= Urwa ibn al-Ward =

'Urwa ibn al-Ward al-'Abasi (عروة بن الورد; 520–600 CE) was a pre-Islamic Arabic su'luk poet. He was a member of the Banu Abs tribe.

Urwah Bin Al-ward is a heroic outlaw in Arabic folklore who, according to legend, was a highly skilled archer and swordsman. Ewrah bin Al-Ward Al-Absi – the noble ragamuffin – a brave knight, polite, out of law, a supporter of the poor, poet of Abs, Arabic knight and a generous ragamuffin. He was stealing to feed the poor, he was called “ragamuffin’s loop”, because he was collecting and direct them if they failed in their invasions. He had a remarkable skill in shooting arrows.

==Life==
Little is known about his life, but he had a reputation for being "the most generous of the ancient Arabs."

==Poetry==
Urwa was the most prolific of the su'luk poets. Yaqub Ibn as-Sikkit wrote a commentary on his poetic diwan. His most famous poem is preserved in the Asma'iyyat. Some of his poetry expresses his love for Salma, his estranged wife who he divorced while drunk. When he recovered, he fell into despair at what he had done. His diwan was edited by Theodor Nöldeke, who published it as Die Gedichte des Urwa ibn Alward in 1864.

==Cultural portrayals==
Urwa ibn al-Ward has been portrayed in a number of plays, films, and television series in the Arab world. His association with the famous knight Antarah ibn Shaddad is because the two were from the same tribe, the Banu Abs.
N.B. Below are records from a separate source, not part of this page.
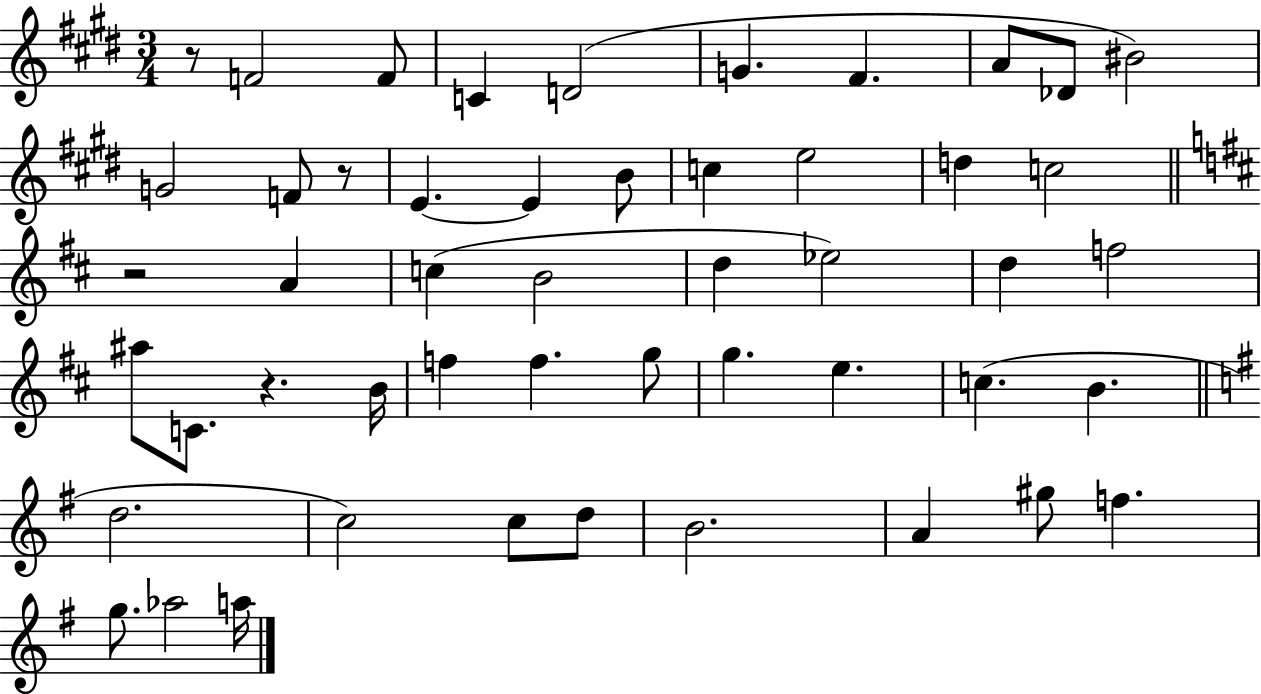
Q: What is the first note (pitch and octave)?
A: F4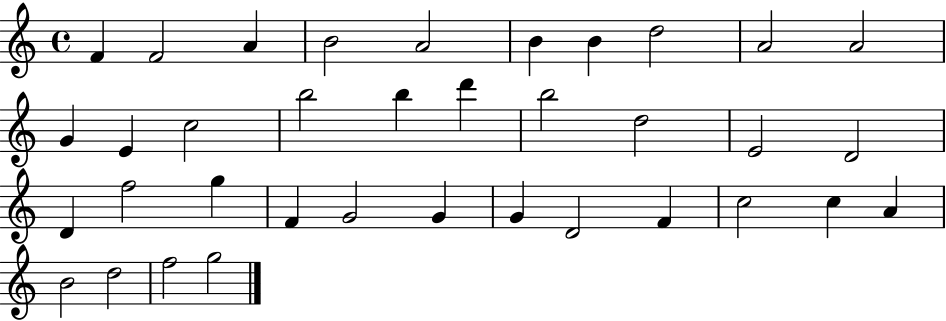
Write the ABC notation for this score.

X:1
T:Untitled
M:4/4
L:1/4
K:C
F F2 A B2 A2 B B d2 A2 A2 G E c2 b2 b d' b2 d2 E2 D2 D f2 g F G2 G G D2 F c2 c A B2 d2 f2 g2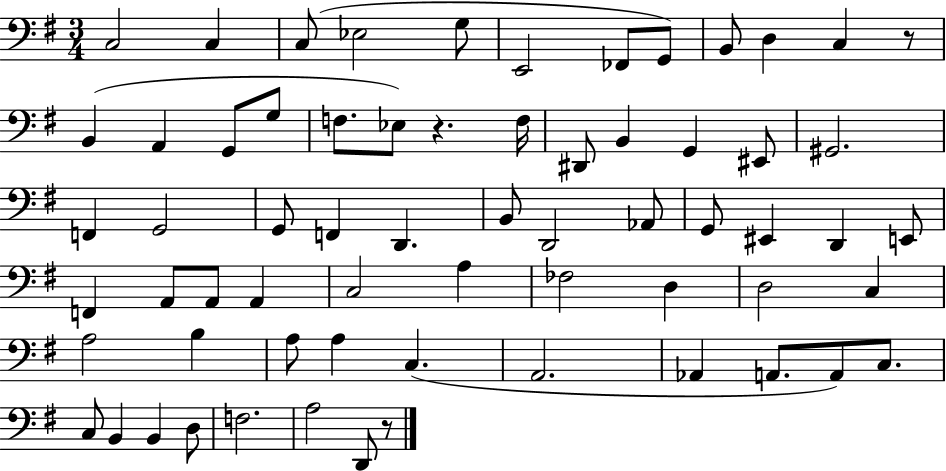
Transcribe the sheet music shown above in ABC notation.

- 1961: The film Antara ibn Shaddad, directed by Niazi Mostafa. The role of Urwa was played by Mohammad al-Hilu.

- 1978: The television series Urwa ibn al-Ward, directed by Salah Abu Hanud. The role of Urwa was played by Usama al-Mashini.

- 2007: The television series Antara ibn Shaddad, directed by Rami Hana. The role of Urwa was played by Mahyar Khudur.

- 2012: The play Antarah ibn Shaddad, presented at the Ukazz Theater in Ta'if.